** EXERCISE DATA follows **
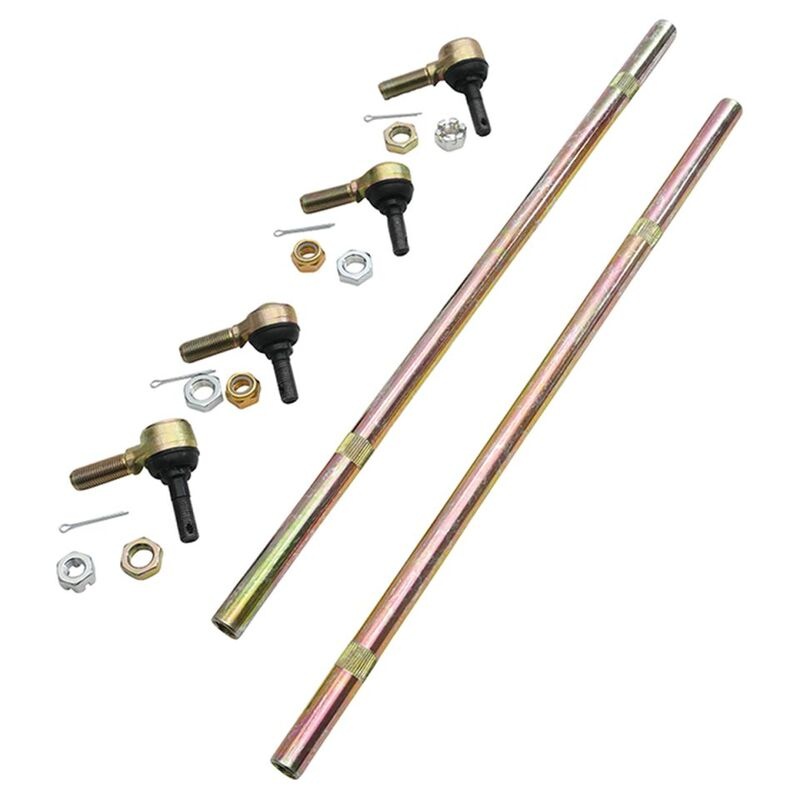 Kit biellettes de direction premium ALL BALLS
** End of EXERCISE DATA **
** EXERCISE DATA follows **
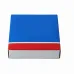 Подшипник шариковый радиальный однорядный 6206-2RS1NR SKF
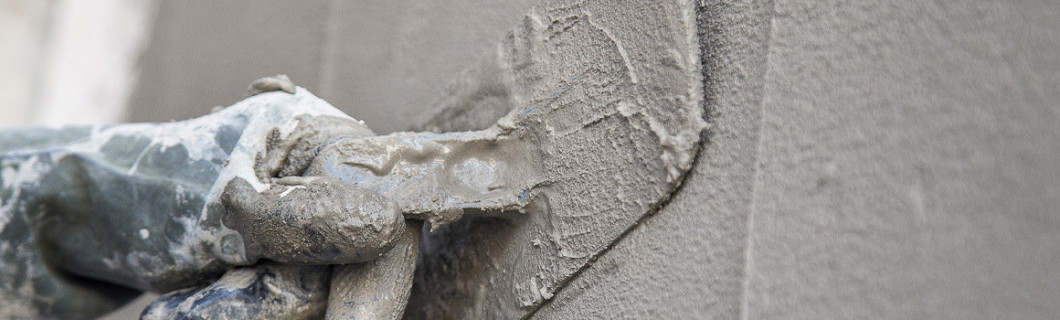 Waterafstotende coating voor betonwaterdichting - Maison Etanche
** End of EXERCISE DATA **
** EXERCISE DATA follows **
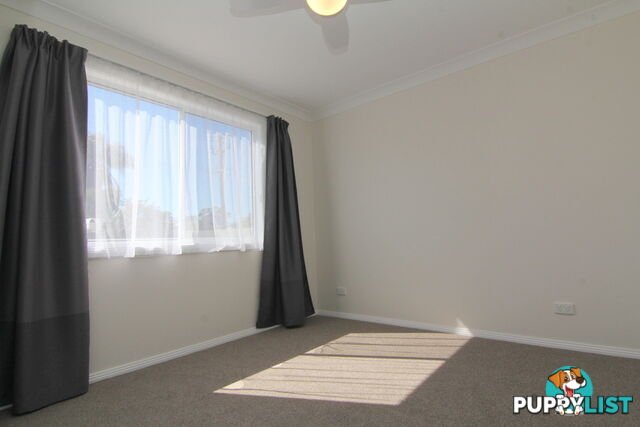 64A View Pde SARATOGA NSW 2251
** End of EXERCISE DATA **
* _YOUR TASK_: Take the lines above starting at the one containing "Подшипник шариковый радиальный" and ending at the one containing "Waterafstotende coating voor", and print them again exactly, without pictures.

* _TASK RESULT_:
 Подшипник шариковый радиальный однорядный 6206-2RS1NR SKF
 Waterafstotende coating voor betonwaterdichting - Maison Etanche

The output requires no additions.